Extremist Elements in Volunteer Battalions

Volunteer battalions have served an important purpose in the Ukrainian conflict and, as Aliyev notes, many of these battalions included a diverse cadre of fighters, including Muslims and ethnic Tartars and Chechens, as well as European, American and Georgian nationals. However, Aliyev’s argument that the battalions are not monolithic and thus cannot be labeled as traditional white supremacist organizations does not negate the formidable presence of extremist ultranationalist elements within some of the battalions’ ranks. Aliyev himself concedes that from the beginning of the conflict “some of Ukraine’s volunteer battalions served as magnets for neo-Nazis, white supremacists and other adherents of far-right ideologies who traveled from all over the world to join the fighting.” Just as the mujahideen in Afghanistan were not all adherents of Salafi-jihadist ideology, and as al-Qaeda recruited and attracted foreigners fighting for different reasons, so too did the units in Ukraine draw fighters adhering to diverse sets of beliefs—including far-right and white supremacist ideologies.

There is little doubt, in our view, that one of the best known volunteer-turned-official battalions in Ukraine, the Azov Regiment (also known as the Azov Battalion), is not only dominated by ultranationalists but an integral part of a three-pronged movement that has a long history of espousing neo-Nazi and white supremacy ideology and committing human rights abuses. Evidence of this has been presented by both human rights organizations and the United Nations. Unconfirmed reports, cited by Aliyev, that Azov accepted money from a Ukrainian oligarch active in the Jewish community do not mean some of the battalion’s members are not anti-Semitic. After all, al-Qaeda fighters in 1980s Afghanistan benefited from assistance provided to the Afghan mujahideen more broadly, including weapons and money from the United States, Pakistan and Saudi Arabia—three nations that al-Qaeda would go on to target in the years following the end of the Afghan-Soviet conflict. If politics makes for strange bedfellows, warfare makes for even stranger ones, and history is replete with examples of groups at odds ideologically with external sponsors providing support.

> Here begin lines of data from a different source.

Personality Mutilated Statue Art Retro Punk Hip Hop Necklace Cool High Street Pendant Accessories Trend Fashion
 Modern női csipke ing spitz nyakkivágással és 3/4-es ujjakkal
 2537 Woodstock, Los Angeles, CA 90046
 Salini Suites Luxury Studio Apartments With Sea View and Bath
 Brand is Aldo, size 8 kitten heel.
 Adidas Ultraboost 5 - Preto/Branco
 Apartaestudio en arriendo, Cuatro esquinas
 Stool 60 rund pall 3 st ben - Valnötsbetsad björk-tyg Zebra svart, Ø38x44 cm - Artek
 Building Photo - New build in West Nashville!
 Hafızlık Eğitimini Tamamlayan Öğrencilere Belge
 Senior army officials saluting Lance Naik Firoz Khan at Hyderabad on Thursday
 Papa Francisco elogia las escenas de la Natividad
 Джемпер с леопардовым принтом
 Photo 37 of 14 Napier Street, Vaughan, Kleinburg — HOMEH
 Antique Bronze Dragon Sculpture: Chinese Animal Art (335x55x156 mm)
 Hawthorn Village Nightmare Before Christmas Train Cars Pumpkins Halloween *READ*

Likewise, on the pro-Russian side of the conflict, combatants include members of the Russian Imperial Movement, or RIM, which has trained foreigners adhering to neo-Nazi and white supremacy beliefs in paramilitary tactics as recently as this year. As Aliyev noted, RIM was designated a global terrorist organization by the U.S. in April—the first “white supremacist” group to earn this distinction, according to the State Department—and it had reportedly helped recruit Russian fighters for the separatist side in Ukraine.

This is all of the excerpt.